I hope to incorporate my daily adventures with also new lessons learned/remembered/practiced.  So I expect this to be sortof a spiritual, (hopefully humorous) travelogue.

If I’m going to be honest, and well, I AM going to be honest…. The last three years or so have been incredibly difficult for me.  Sickness, death, & loss have pervaded and surrounded my life.  I have said to my friends that I feel like I’m in the ocean, making my way back to shore and the waves keep crashing on my head and the undertow is pulling me under.  Of course, I don’t feel that way in every moment.  I have found graceful moments of deep love, friendship and joy  BUT what I mean is that no matter what I do to cultivate my peace, the universe seems to hit me with another loss, another circumstance to contend with – as if to say…. ‘yes, but can you be peaceful NOW???!!!’    It has been relentless.

And while I feel that I have been very diligent in my practice (in keeping my sanity), I cannot avoid the circumstances of my life.  But I can certainly take a break from the daily grind that perhaps keeps a deeper peace hidden from me.  I feel I can see the forest from the trees, but I’d like to glimpse the individual leaves that make up the forest.   Because no matter how devoted I am to my self and to my practice, if I don’t  take myself off the hamster wheel, there is an essential committment to self that is missing.

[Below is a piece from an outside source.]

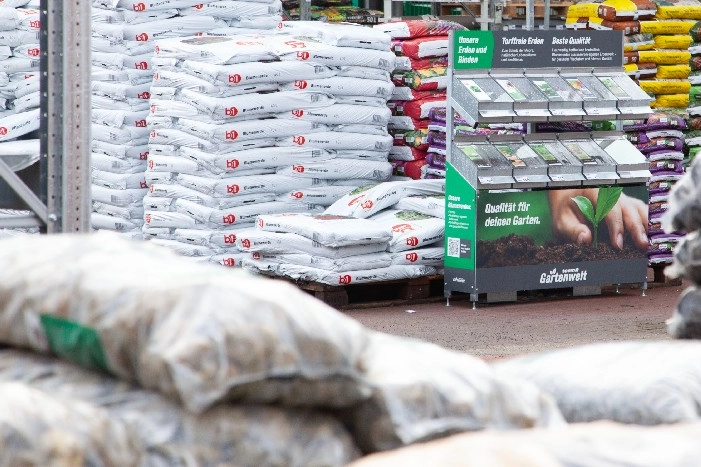Verschiedene Erden und ein Verkaufsständer der Gartenwelt.
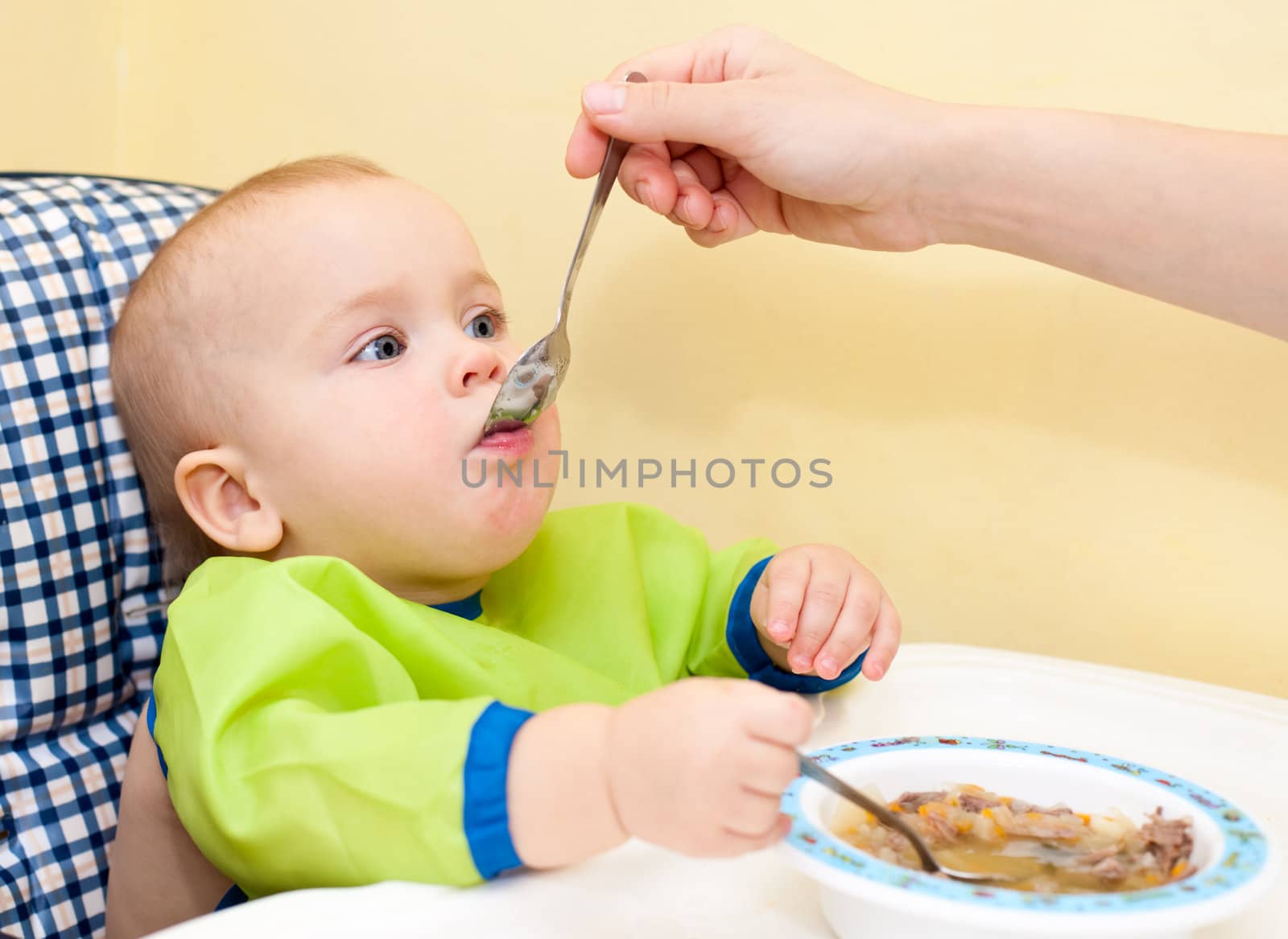 Mother feeding little baby girl in a highchair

It is important to separate ourselves from our daily circumstances so that we can sturly stand back and contemplate our hidden (or not so hidden) values, habits and perceptions.  This is not to say that we can’t make that a part of our daily practice: prayer, meditation, attention, mindfullness, affirmation, but rather, that it is essential whether it is an hour, or a week at a time, that we take ourselves OUT of our routine.

It is imperative that every once in a while,  that we turn off the phone, the laptop, the tv, the radio, put down the paper, the book, the activity and just be still with the holy, the divine, the spiritual, the essence of ourselves.   There are many paths to this place, but I think the first one is to simply stop what we are doing.

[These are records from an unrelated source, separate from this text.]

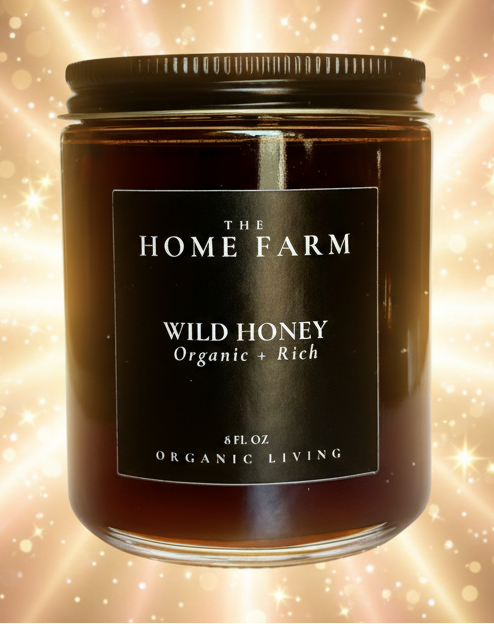 Candle jar labeled 'The Home Farm Wild Honey' on a white background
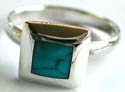 Sterling silver ring with a square shape blue turquoise inlay at center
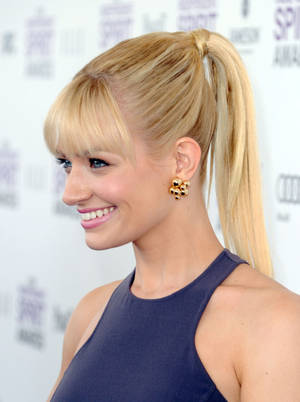 Beth Behrs Bangs And Ponytail Wallpaper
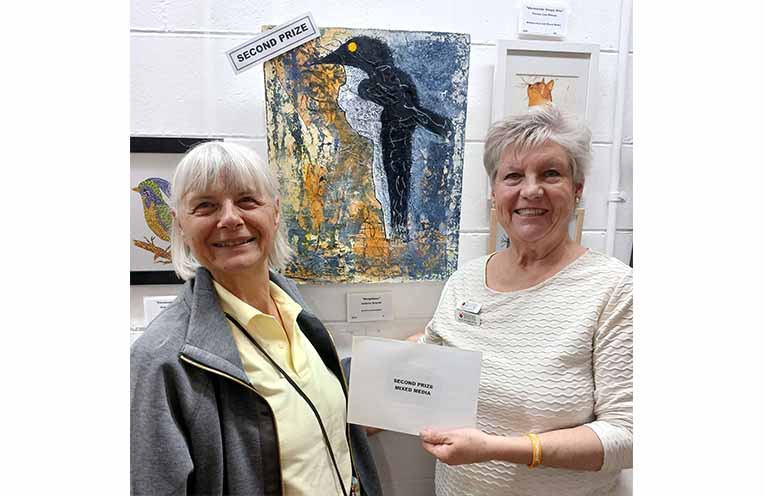 Second Prize Mixed Media winner Isabella Brandli with Neighbour, presented by CHCAG President Sue Roberts.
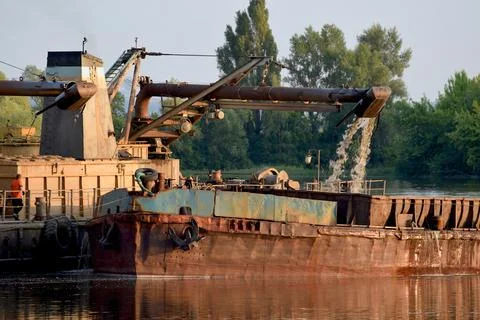 Extraction of sand from the river bottom by dredger. Stock Photos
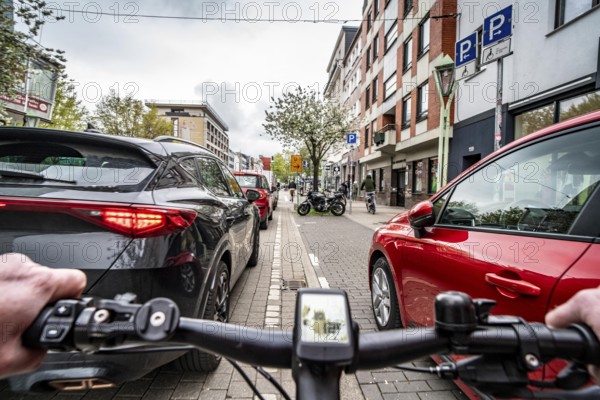 Cycling in the city, inner-city street, cycle lane, bicycles have priority, two-lane traffic with parked cars on both sides, cyclists' perspective, Essen, North Rhine-Westphalia, Germany, Europe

And so this is where I find myself, outside of my world as I know it and willing to see it all differently, experience the world anew, to go deeper within myself  in order to spread more joy throughout.

I hope that you will join me for this journey.

Sending you blessings from afar.

Om man padme hum
Namaste

Elisabeth

ps – please excuse any typos. I’m writing on a computer that considers eveyr word of English a TYPO.  No spell check for me today!!